YOUR ASSIGNMENT >> Copy everything in the listing below word for word, apart from any images.

COLLECTED DATA >>
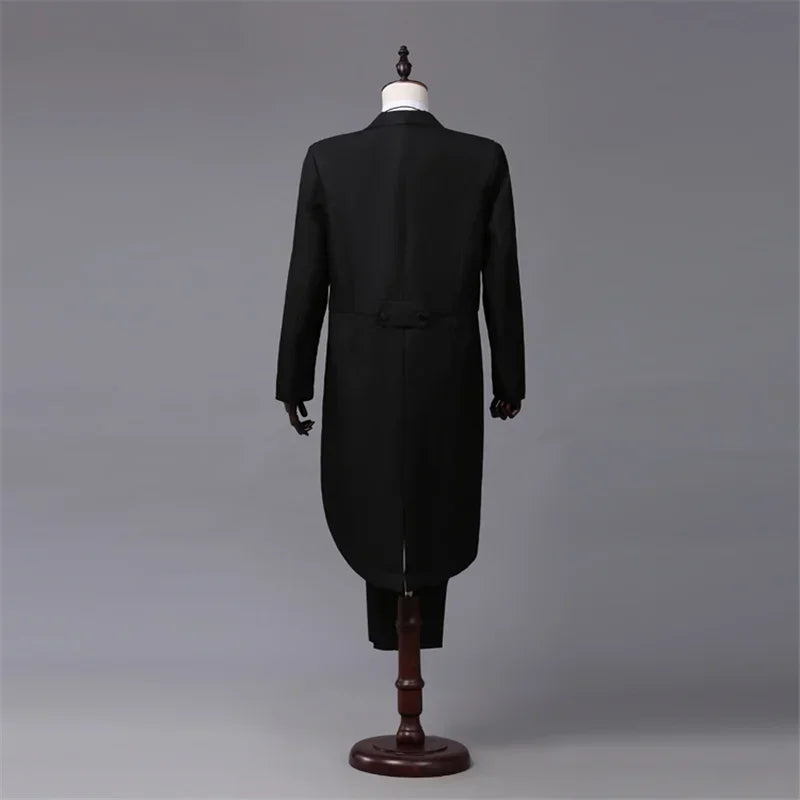 Men's Tuxedo Costume Vintage Formal Tailcoat Slim Fits.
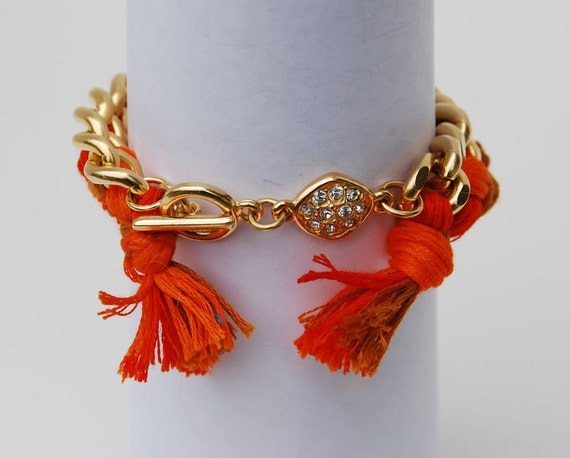 Orange Woven Friendship Bracelet with Pave Detail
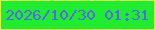 文字の大きさ：2、枠の色：e5f04a、背景の色：1eed30、文字の色：5965f1 無料ブログパーツのブログ時計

WRITTEN SOLUTION >>
 Men's Tuxedo Costume Vintage Formal Tailcoat Slim Fits.
 Orange Woven Friendship Bracelet with Pave Detail
 文字の大きさ：2、枠の色：e5f04a、背景の色：1eed30、文字の色：5965f1 無料ブログパーツのブログ時計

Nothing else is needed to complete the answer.